COLLECTED DATA »
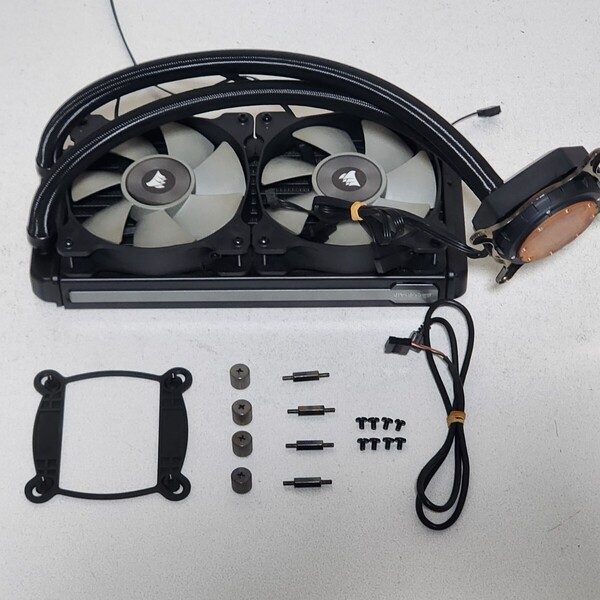 【送料無料】CORSAIR H100i V2(CW-9060025-WW) 240mm 簡易水冷型CPUクーラー LGA115X・1200等対応 PCパーツ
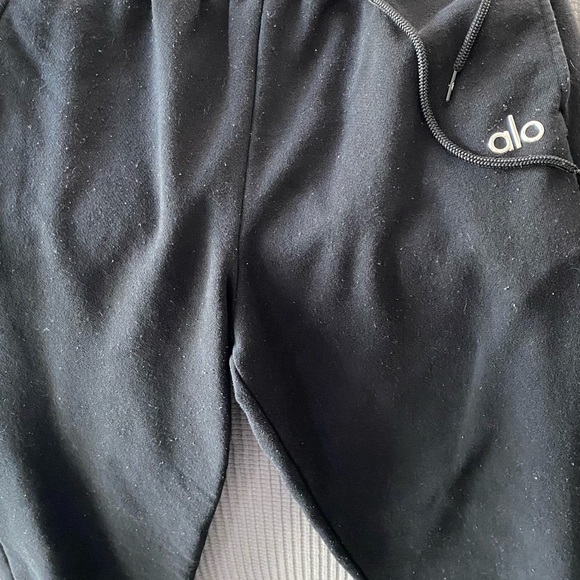 ALO Yoga Black Joggers - Picture 5 of 11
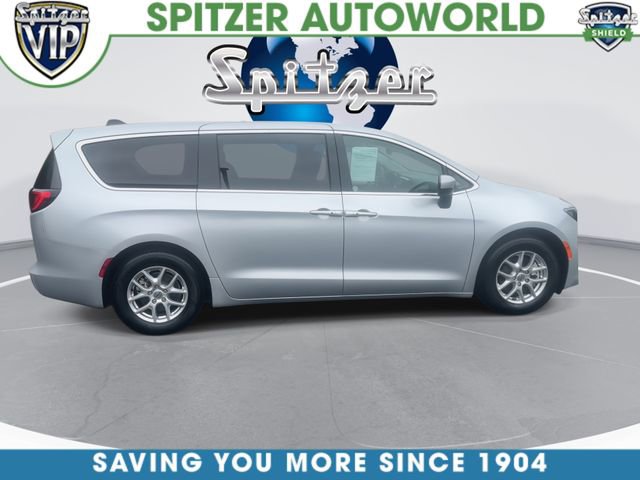 Used 2023 Chrysler Voyager LX FWD image 10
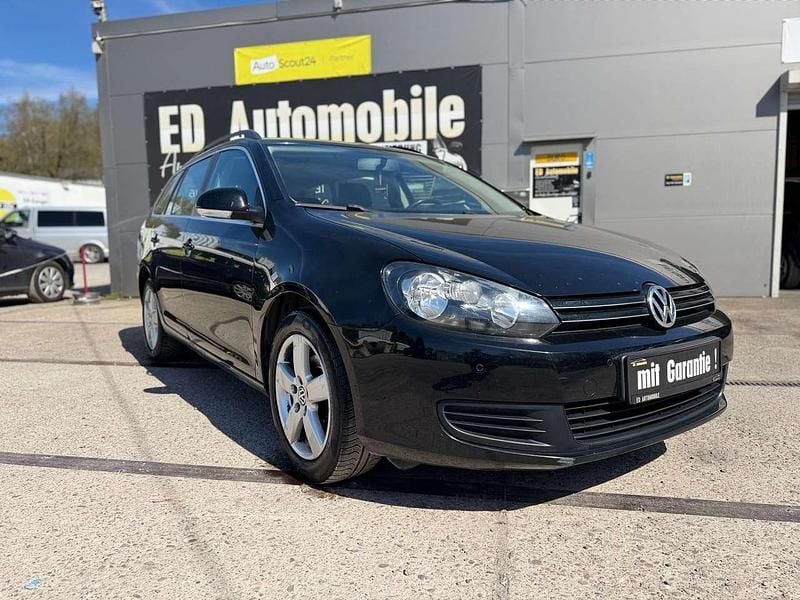 Gebraucht VW Golf VI 105 PS (77 kW) 2011 Schwarz Kleinwagen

YOUR INSTRUCTIONS » Word for word, repeat all the data, but not its images.

SOLUTION TO THIS TASK »
 【送料無料】CORSAIR H100i V2(CW-9060025-WW) 240mm 簡易水冷型CPUクーラー LGA115X・1200等対応 PCパーツ
 ALO Yoga Black Joggers - Picture 5 of 11
 Used 2023 Chrysler Voyager LX FWD image 10
 Gebraucht VW Golf VI 105 PS (77 kW) 2011 Schwarz Kleinwagen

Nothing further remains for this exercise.